Слово было сказано. А на следующий день архимандрит Филарет посетил митрополита Амвросия вместе с другими наставниками академии. Только что в соборе был отслужен благодарственный молебен по случаю окончания второго курса и работники на ниве духовного просвещения ожидали архипастырского благословения на отдых. Настроение у всех было приподнятое, и никто, кроме Филарета, не обратил внимания на некоторую стеснённость владыки.
Побеседовав с профессорами, Амвросий отпустил их, а Филарета оставил.
— Посмотри, что я пишу! — кивнул владыка на стол.
Филарет подошёл и опустил глаза на большой лист бумаги.
То было представление о доставлении архимандрита Филарета Дроздова во епископы.
Он предполагал такое, но не так скоро и не таким образом; Митрополит смотрел на него с ожиданием.
— Ваше высокопреосвященство, если вы хотите иметь меня орудием своих действий, если я вам угоден, да будет воля ваша. Если же хотите наградить меня епископством, то это не награда, а подвиг. Наградами же я почтён превыше моих заслуг.

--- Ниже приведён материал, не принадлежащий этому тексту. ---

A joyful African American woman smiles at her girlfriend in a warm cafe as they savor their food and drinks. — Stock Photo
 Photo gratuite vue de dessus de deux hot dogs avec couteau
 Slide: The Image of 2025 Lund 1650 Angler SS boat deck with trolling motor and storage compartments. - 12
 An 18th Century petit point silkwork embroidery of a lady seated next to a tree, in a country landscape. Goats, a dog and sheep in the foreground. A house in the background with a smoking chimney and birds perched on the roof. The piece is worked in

— Ну, уж это не твоё дело, — отрезал митрополит. — Можно было бы и подождать, кабы не тяготы мои... Тебе первому говорю: скоро подам государю прошение об увольнении на покой. Молчи!.. Слышал небось, как пересуживали мою промашку? Я ведь взял горностай, бывший на погребальном покрове императорской дочери, дабы не испортился он в сундуках. Государю донесли, что, дескать, митрополит на старости лет роскошествует, отделал облачение царским горностаем... И всего-то раз на Крещение вышел с ним, а поди ж ты... С князем я объяснился, да чувствую, неугоден стал. Придёт на моё место Михаил или Серафим, полагаю, что первый всё же, так вот и хочу укрепить твоё положение. Михаил из московских, да кто знает...

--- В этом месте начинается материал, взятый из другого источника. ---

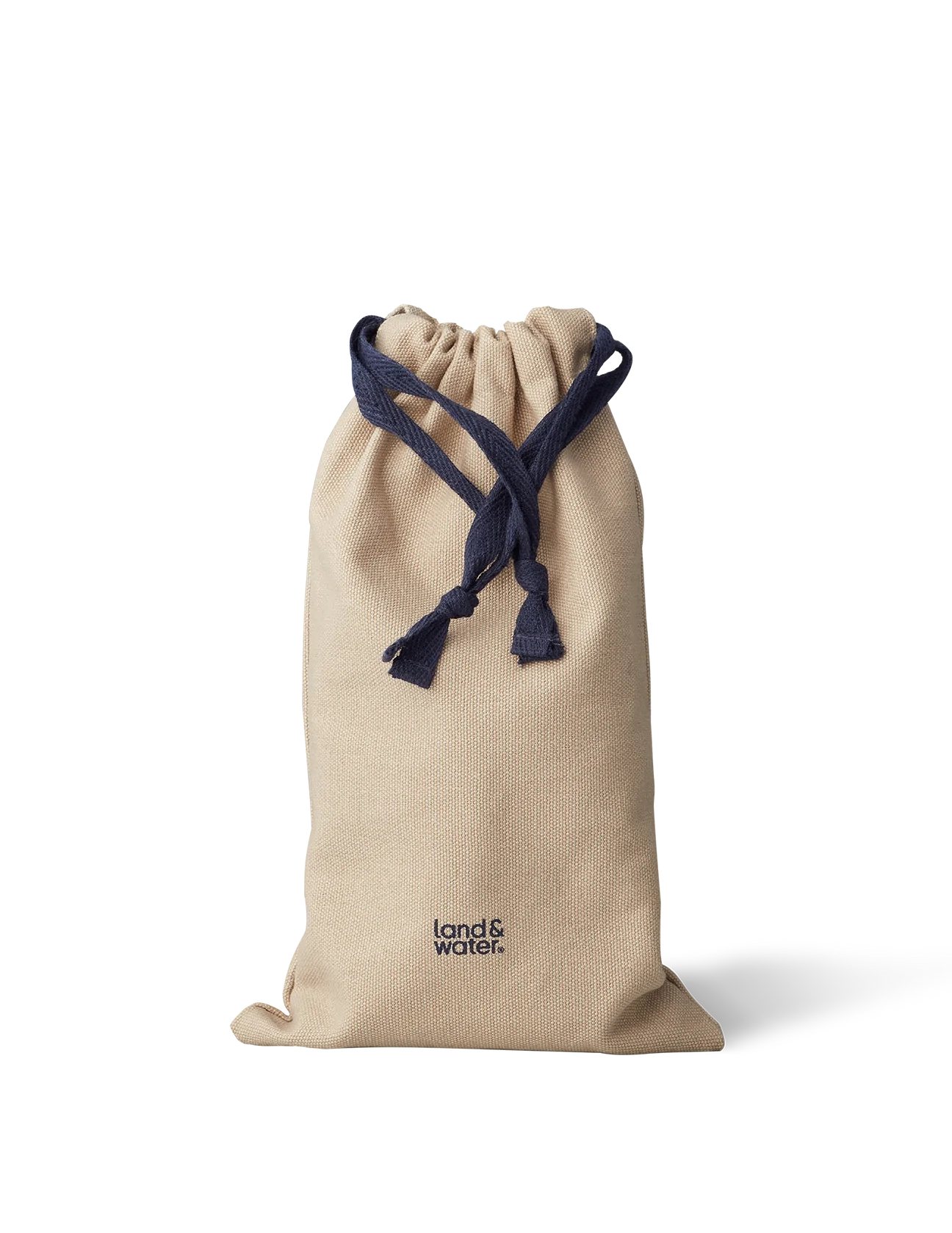 A beige drawstring bag with navy blue drawstrings. Branded land&water.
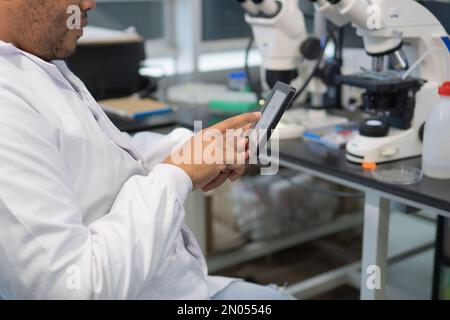 Ricercatore anonimo utilizzando un tablet in un laboratorio moderno. Primo piano delle mani che scrivono sul tablet Foto Stock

Большие дела скоро не делаются. Спустя более года, 5 августа 1817 года в Троицком соборе лавры проходила хиротония архимандрита Филарета во епископа ревельского. Участвовали в ней митрополит Амвросий, архиепископ черниговский Михаил и архиепископ тверской Серафим. Посмотреть на редкую церемонию собралось немало жителей Петербурга, однако царских особ не было.
Согласно церковному уставу, посвящение во епископа происходит по совершении Трисвятой песни. Протодиакон и протоиерей взяли Филарета под руки и подвели к царским вратам. За распахнутыми вратами к нему протянули руки владыка Амвросий и владыка Серафим.
Князь Голицын, при всём скептическом отношении к обрядовой стороне православия, всё же испытывал сильное волнение. Он мог находиться в алтаре, но предпочёл встать справа от амвона, чтобы давать пояснения знакомым. Впрочем, великолепие архиерейской службы и пение придворной капеллы захватили внимание всех без исключения.
Войдя в алтарь, Филарет опустился перед святым престолом на оба колена. На склонённую главу его возложили святое Евангелие, как повелось от времён апостольских. Трепетная тишина возникла в огромном храме. Слова читаемой над Филаретом двумя архиереями молитвы доносились до первых рядов молящихся. Со снятием Евангелия совершилось окончательное посвящение. При громком и радостном пении «Аксиос!» на епископа Филарета был надет саккос и возложено отличительное архиерейское облачение — омофор, на грудь повешена панагия.